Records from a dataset
Start of Block

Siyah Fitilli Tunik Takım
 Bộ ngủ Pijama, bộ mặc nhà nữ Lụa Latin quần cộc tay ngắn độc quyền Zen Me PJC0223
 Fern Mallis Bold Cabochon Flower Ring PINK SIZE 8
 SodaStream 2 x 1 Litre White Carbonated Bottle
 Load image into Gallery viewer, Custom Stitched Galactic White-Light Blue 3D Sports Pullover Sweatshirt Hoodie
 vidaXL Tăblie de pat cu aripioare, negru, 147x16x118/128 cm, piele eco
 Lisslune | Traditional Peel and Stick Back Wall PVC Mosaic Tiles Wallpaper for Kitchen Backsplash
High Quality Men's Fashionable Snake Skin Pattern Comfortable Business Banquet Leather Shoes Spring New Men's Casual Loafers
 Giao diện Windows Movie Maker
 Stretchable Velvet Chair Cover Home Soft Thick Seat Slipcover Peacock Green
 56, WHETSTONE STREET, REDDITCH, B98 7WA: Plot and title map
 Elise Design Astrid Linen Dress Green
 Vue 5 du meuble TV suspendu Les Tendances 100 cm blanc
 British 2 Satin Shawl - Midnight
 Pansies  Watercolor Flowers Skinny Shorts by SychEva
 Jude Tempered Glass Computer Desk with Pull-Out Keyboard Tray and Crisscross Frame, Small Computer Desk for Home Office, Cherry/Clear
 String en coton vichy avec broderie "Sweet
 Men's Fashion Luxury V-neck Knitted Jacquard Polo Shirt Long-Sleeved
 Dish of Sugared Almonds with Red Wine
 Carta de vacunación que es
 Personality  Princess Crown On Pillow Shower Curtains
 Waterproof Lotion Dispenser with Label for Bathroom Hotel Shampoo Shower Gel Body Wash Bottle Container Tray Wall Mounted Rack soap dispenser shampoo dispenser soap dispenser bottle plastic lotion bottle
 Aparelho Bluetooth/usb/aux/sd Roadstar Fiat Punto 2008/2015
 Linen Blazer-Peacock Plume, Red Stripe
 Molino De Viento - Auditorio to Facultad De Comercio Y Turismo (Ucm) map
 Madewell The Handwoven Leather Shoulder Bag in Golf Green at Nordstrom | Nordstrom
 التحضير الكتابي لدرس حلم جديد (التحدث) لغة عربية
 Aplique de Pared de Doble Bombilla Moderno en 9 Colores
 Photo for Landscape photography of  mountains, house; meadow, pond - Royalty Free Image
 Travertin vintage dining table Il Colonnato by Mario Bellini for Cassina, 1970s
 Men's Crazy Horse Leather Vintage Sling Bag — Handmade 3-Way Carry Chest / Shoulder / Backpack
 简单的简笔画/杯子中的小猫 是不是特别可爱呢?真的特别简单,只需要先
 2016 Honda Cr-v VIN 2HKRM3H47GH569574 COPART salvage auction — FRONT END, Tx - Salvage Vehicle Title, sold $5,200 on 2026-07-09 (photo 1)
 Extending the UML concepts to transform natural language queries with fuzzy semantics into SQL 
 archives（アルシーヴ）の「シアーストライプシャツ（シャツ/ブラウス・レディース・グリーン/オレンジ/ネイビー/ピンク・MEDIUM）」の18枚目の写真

End of Block

## TASK TO CARRY OUT
Given the word "Shower", show every line of the records that contains it.

## YOUR RESPONSE
 Personality  Princess Crown On Pillow Shower Curtains
 Waterproof Lotion Dispenser with Label for Bathroom Hotel Shampoo Shower Gel Body Wash Bottle Container Tray Wall Mounted Rack soap dispenser shampoo dispenser soap dispenser bottle plastic lotion bottle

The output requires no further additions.